Tuesday, May 1, 2012

You know how when you're reading a book your mind will sometimes wander? Only realizing after a few paragraphs that your eyes have just been going over the words while you've been thinking about something else. Everyone has done this, I'm sure.

Today, it happened to me but with a strange twist. In the middle of the page I realized it was happening, but still I let my mind wander. Then after a second, I went back to the top of the page because I thought I had read something I wanted to get. Something I wanted to remember. After I couldn't find it on the page, I realized it had been something I was thinking that I wanted to remember. A thought, as my internal dialogue meandered, I wanted to come back to.

It wasn't a brief confusion. I was wholly convinced that I read what turned out to be something I was thinking. I really searched for it. In my mind I saw the words written in the same font as the book. I read the damn page three times. The words were not there.

This was a first. I had mixed up my mind and my media. 

Maybe when my mind flits off while I'm reading my eyes are on autopilot, but since my thoughts aren't about the book, my eyes can't possibly be processing the words on the page. Besides, my mind is what processes stuff, the eyes only receive light. So in effect, I think my eyes were reading my thoughts. I'm guessing if a person's eyes are continuing along the page while his mind is elsewhere, they are still performing the muscular task of reading. What are they "reading?" Only the mind can process letters, know where to jump between words, notice where the page ends in order to tell the eyes when to go down and to the left (for those of us who read in the Western fashion), and realize that neither your eyes nor your mind have been paying any attention to this book.

Maybe it just happened to you reading this record of my wandering thoughts.
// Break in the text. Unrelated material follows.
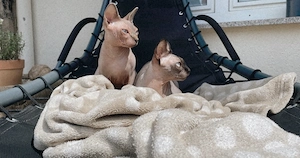  Sphynx Katzen suchen liebevolles Zuhause Bild 3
Perhaps it's all just a muscular habit. Your eyes keep doing what they do, no matter what your mind is up to. Put a book in front of them, they go into "read activation mode!" It could be that we aren't as in control of our actions as we intuitively feel we are. Although it's hard to believe something as complex and recently developed as reading comprehension could be much like an animal instinct. It wouldn't explain why I was convinced I had read something that in reality I had only thought.